(INPUT RECORDS)
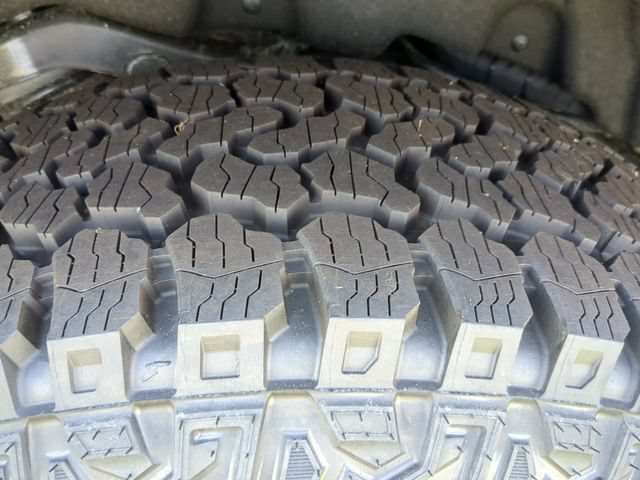 New 2025 Ford Bronco Outer Banks w/ Sasquatch Package AWD/4WD image 12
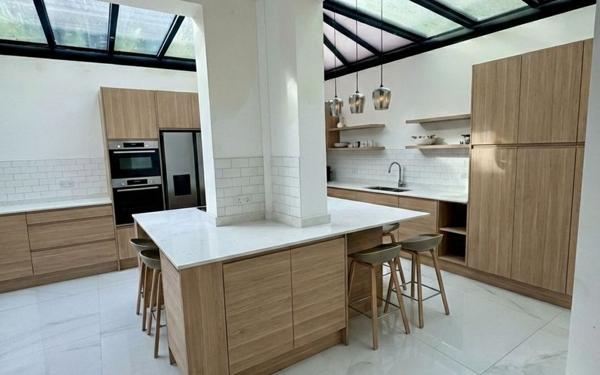 Maison à vendre    5 pièces •  Persan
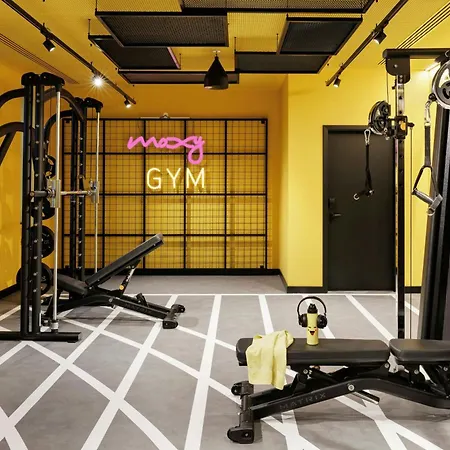 Moxy Lisboa Алфражиде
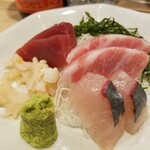 出羽鮨 - 刺盛。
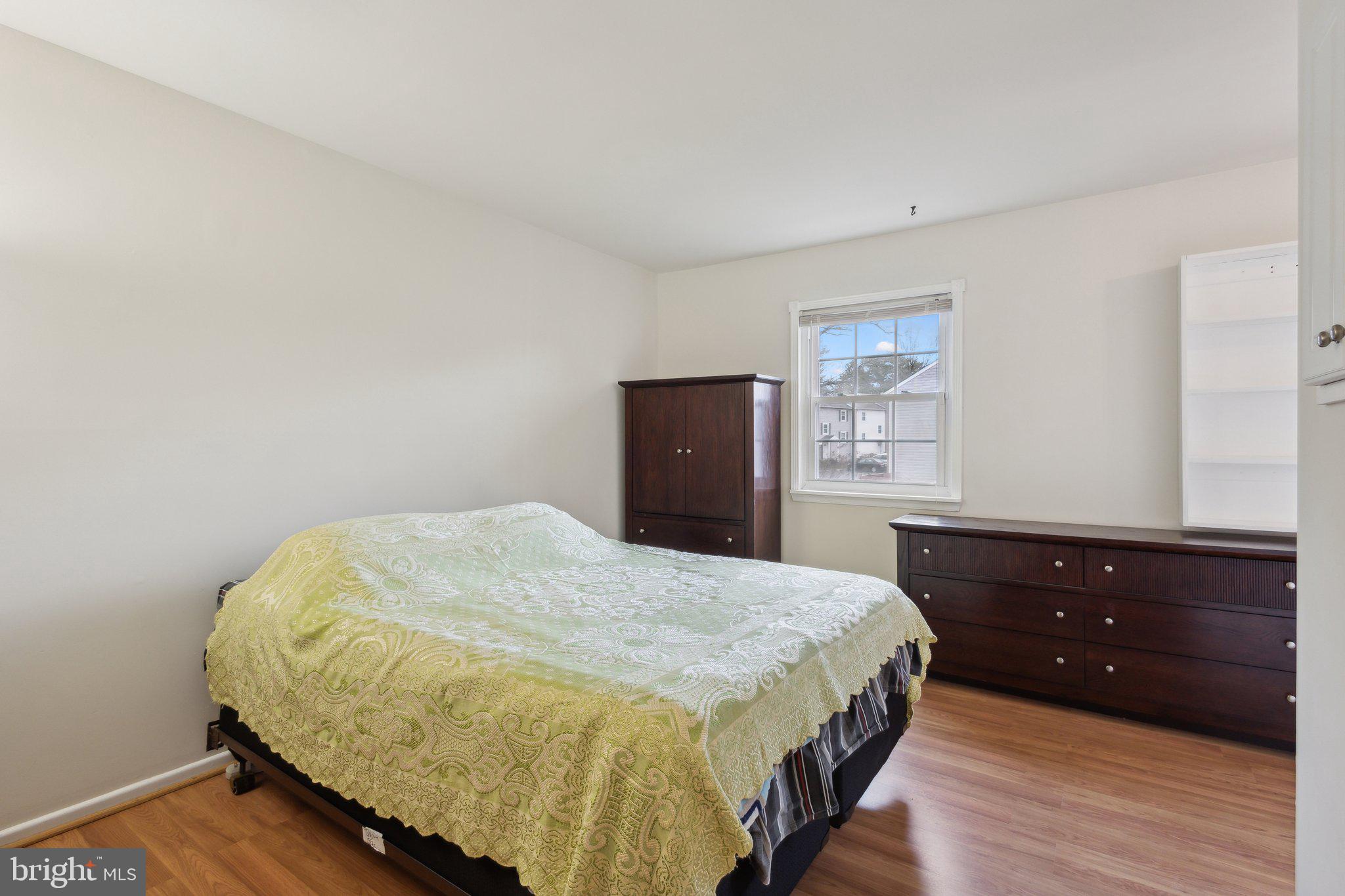 LAKE BRADDOCK - Residential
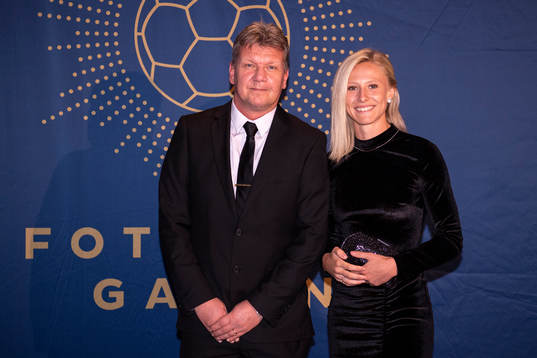 s assisterande tränare Jörgen Ericson och Rebecka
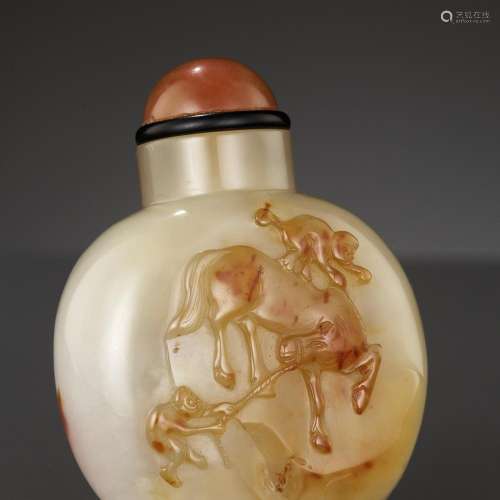 A CAMEO AGATE ‘MONKEY AND HORSE’ SNUFF BOTTLE, OFFICIAL SCHO...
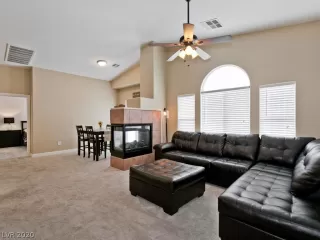 Photo #3: 2191092 Listing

(EXERCISE AIM) Would you return the whole listing exactly, without the pictures?

(WRITTEN ANSWER)
 New 2025 Ford Bronco Outer Banks w/ Sasquatch Package AWD/4WD image 12
 Maison à vendre    5 pièces •  Persan
 Moxy Lisboa Алфражиде
 出羽鮨 - 刺盛。
 LAKE BRADDOCK - Residential
 s assisterande tränare Jörgen Ericson och Rebecka
 A CAMEO AGATE ‘MONKEY AND HORSE’ SNUFF BOTTLE, OFFICIAL SCHO...
 Photo #3: 2191092 Listing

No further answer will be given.